When enabling the delegated authentication mode, tokens issued directly by Console are still accepted.

### How it works

In this authentication flow:

1. The user navigates to Console (e.g., `https://console.mydomain.com`).
2. The user is redirected by the API to their organization's IP for authentication.
3. After successful authentication, the IP issues a JWT token.
4. The API forwards the JWT token in all subsequent requests to Console.
5. Console validates the token against the configured trusted provider.
6. Console maps the token claims to a user account and applies appropriate permissions.
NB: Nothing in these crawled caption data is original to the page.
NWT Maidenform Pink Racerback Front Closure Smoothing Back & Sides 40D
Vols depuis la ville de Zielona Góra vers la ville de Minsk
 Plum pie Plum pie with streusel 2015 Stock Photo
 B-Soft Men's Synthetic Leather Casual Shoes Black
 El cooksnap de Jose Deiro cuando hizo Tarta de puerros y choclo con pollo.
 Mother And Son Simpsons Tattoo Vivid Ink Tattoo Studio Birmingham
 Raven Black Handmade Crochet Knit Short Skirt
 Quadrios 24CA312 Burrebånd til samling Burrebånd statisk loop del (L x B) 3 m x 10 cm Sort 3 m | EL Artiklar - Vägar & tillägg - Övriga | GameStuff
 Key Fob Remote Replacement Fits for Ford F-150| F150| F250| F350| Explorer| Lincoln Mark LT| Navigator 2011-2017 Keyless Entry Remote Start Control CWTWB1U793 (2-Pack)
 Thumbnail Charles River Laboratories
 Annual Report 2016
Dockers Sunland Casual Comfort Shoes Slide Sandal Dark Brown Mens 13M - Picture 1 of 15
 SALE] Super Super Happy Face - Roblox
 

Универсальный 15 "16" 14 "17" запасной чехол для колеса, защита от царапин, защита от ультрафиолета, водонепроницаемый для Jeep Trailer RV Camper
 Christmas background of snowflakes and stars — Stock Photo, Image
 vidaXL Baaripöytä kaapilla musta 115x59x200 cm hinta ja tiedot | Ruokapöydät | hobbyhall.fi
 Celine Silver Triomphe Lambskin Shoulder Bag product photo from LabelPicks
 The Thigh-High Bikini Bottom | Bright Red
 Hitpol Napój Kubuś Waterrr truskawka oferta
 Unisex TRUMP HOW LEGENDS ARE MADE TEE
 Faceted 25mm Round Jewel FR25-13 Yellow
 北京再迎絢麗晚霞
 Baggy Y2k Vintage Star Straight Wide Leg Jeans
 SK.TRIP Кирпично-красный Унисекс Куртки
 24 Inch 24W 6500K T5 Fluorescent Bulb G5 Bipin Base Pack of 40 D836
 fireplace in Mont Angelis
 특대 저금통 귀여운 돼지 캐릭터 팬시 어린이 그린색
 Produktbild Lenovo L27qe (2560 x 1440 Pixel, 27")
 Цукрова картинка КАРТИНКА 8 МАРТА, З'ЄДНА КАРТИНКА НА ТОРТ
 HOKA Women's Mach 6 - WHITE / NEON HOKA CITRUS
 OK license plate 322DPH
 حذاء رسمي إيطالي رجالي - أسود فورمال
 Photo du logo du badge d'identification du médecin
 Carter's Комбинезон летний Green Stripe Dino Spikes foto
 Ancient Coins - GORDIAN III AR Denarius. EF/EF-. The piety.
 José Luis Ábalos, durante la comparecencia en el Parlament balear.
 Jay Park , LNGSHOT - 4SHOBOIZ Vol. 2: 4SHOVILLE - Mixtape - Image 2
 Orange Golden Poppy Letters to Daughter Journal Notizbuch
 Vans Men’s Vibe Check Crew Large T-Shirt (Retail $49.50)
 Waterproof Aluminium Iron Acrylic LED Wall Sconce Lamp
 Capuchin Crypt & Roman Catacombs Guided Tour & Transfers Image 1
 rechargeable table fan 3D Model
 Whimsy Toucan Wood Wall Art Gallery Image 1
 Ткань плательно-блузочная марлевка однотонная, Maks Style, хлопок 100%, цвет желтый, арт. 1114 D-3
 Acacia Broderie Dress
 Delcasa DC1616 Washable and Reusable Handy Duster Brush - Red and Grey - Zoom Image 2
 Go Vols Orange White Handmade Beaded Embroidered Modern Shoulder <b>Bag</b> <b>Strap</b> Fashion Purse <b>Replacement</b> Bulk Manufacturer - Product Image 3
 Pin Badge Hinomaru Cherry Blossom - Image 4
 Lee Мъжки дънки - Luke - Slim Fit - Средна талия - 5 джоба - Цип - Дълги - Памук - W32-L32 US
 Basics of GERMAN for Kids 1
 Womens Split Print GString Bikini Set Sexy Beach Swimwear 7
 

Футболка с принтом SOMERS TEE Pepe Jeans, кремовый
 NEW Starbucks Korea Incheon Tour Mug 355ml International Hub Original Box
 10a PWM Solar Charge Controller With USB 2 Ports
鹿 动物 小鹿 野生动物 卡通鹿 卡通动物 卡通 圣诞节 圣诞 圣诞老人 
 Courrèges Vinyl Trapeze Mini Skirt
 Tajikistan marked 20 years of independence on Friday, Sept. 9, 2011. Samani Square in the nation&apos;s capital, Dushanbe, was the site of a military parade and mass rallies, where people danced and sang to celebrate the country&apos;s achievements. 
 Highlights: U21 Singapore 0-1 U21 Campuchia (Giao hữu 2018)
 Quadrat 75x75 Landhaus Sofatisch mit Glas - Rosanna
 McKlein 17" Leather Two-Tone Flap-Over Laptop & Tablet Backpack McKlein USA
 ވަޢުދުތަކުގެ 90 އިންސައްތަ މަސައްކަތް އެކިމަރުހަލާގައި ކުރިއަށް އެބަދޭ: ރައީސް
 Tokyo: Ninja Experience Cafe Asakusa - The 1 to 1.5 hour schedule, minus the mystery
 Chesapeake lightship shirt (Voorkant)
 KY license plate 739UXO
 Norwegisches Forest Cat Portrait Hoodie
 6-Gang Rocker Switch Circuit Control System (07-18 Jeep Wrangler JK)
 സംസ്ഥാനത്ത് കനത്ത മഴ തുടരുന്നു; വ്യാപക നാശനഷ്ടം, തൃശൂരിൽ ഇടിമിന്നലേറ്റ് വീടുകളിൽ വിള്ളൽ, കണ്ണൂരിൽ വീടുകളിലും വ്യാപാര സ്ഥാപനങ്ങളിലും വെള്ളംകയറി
This approach allows organizations to:

* Automatically provision users on first login
* Use existing identity infrastructure (e.g., corporate IdP systems)
* Enforce centralized authentication policies
* Provide single sign-on experience across applications

## Prerequisites

To validate a token, Console will retrieve the issuer configuration and public keys. The issuer has to expose an OIDC discovery endpoint, such as `.well-know/openid-configuration`, to provide this information.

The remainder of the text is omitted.